Hiérarchie redessinée

Février 2017, nous titrions « On prend les mêmes et on repart ». Au soir du Het Nieuwsblad, comme un an plus tôt, Peter Sagan, Greg van Avermaet et Sep Vanmarcke s’étaient joués la victoire. Cela allait durer tout le printemps, puis encore celui d’après, en compagnie, le plus souvent, des Quick-Step. Le scénario était comme immuable, depuis trois saisons, et les fauteurs de troubles, qu’ils s’appellent Kwiatkowski, Hayman ou Valgren, n’ont jamais su s’imposer dans la durée. Alors, comme un paradoxe, on pourrait dire que tout n’a pas été si différent, cette année. A la seule lecture du palmarès, on a le sentiment que la bande à Patrick Lefevere a marché sur les classiques, encore une fois, et que si peu de choses ont changé. Bettiol était un nouveau venu, bien sûr, mais même Kristoff, dont la victoire était inattendue, est en fait un ancien de retour aux affaires. Un bilan en trompe-l’œil car ces trois dernières semaines, les lignes ont sacrément bougé.

Peter Sagan et Greg van Avermaet, trois monuments pavés à eux deux, ont comme laissé la place, courant après des victoires que leur statut demandait mais que leurs jambes ne savaient leur offrir. Le Slovaque a été malchanceux, au début, entretenant le suspense, et il est revenu à un niveau plus que correct, dimanche sur Paris-Roubaix. Mais ça n’a pas suffi et il a dit au revoir aux pavés avec un zéro pointé. Le Belge, de son côté, a impressionné lors de son numéro au GP E3, et il peut se cacher derrière une équipe défaillante, pour le reste. Mais son bilan n’est pas meilleur que celui de son grand rival. Surtout, d’autres garçons, pour certains au moins aussi isolés, et dans tous les cas bien moins expérimentés que le duo belgo-slovaque, ont fait la course avec flamboyance, pendant que les cadors annoncés étaient rendus au rôle d’observateur ou de chasseur vain, souvent occupés à prendre des relais inutiles dans le groupe des battus.

Chasser l’ancien monde

Mathieu Van der Poel et Wout Van Aert, 24 ans, ont volé sur les pavés comme ils le font habituellement sur les labourés, parfois ensemble, parfois chacun leur tour, évoluant à un niveau qu’on n’osait pas espérer, ou du moins pas tout de suite. Ils n’avaient pas tout à fait le même statut ni la même équipe, parce que le Néerlandais disputait sa première campagne de classiques et que le Belge, lui, avait déjà prouvé il y a un an qu’il faudrait compter sur lui. Mais ils ont été les deux sensations de ces flandriennes, et même encore privés de grandes victoires, ils ont assez démontré, en si peu de temps, pour que l’on ne s’inquiète pas de savoir si on les retrouvera véritablement au rendez-vous dans un an. On sait déjà que oui, comme Sagan et Van Avermaet savent désormais qu’ils ont de nouveaux challengers, plus jeunes que les autres, aux palmarès encore dégarnis sur la route, mais qui savent gagner, ils l’ont montré depuis plusieurs hivers.

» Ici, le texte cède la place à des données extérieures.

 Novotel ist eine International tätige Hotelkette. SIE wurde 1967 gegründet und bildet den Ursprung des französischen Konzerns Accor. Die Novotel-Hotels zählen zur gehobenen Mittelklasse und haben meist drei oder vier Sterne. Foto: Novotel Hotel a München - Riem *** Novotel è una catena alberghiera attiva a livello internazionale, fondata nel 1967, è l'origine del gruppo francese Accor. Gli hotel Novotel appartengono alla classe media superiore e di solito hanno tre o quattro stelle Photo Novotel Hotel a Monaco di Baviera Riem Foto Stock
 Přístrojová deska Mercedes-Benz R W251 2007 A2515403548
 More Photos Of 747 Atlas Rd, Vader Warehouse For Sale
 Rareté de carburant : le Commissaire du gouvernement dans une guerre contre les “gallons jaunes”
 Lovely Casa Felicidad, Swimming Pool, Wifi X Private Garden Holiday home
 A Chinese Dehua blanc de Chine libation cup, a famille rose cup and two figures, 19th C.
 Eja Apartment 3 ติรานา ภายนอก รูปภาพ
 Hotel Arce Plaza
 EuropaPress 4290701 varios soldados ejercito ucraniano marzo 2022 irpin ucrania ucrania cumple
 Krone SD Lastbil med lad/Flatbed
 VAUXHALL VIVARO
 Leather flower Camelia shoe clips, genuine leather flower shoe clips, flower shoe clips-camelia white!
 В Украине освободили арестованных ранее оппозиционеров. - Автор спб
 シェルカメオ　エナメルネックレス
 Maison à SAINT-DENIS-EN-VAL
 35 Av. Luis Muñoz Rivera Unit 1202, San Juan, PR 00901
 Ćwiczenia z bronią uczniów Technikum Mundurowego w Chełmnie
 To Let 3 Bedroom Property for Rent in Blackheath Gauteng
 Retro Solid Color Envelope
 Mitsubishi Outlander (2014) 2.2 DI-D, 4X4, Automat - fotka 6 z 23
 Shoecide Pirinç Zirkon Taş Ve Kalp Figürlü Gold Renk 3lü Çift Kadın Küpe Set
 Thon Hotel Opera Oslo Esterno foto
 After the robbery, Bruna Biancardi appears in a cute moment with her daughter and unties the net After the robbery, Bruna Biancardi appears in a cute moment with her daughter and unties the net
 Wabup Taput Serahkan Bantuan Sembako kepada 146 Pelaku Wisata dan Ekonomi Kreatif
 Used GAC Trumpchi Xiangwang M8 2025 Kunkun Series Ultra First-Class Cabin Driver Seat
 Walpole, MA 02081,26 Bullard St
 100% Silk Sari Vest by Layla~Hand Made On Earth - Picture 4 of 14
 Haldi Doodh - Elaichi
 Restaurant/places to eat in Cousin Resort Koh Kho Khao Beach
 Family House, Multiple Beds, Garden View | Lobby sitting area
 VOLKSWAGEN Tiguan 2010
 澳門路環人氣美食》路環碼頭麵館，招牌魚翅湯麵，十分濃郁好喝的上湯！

Les deux cyclo-crossmen, qui ont vampirisé les cinq derniers titres mondiaux de la discipline, apprennent encore. Mais ils le font vite, et les galères qu’ils ont connu durant le printemps n’ont pas été un frein à leur éclosion – ou peut-être devrait-on dire explosion. Mathieu Van der Poel a sévèrement chuté sur le Tour des Flandres, ce qui ne l’a pas empêché de revenir avec les leaders et de prendre une impressionnante quatrième place à Audenarde. Wout Van Aert, une semaine plus tard sur Paris-Roubaix, a subi le jeu des crevaisons et des chutes, lui aussi, mais a su revenir à l’avant pour jouer la victoire, se disait-on, jusqu’à ce qu’il surchauffe et mette le clignotant, d’un coup, dans le final. Gagner tout de suite, pour ces deux-là, aurait de toute façon été un peu trop facile. Mais dans un monde où Philippe Gilbert remporte encore des monuments à 36 ans, ils sont l’autre versant. Ils sont le nouveau monde, qui n’a pas encore complètement chassé l’ancien mais qui compte bien s’y mettre rapidement.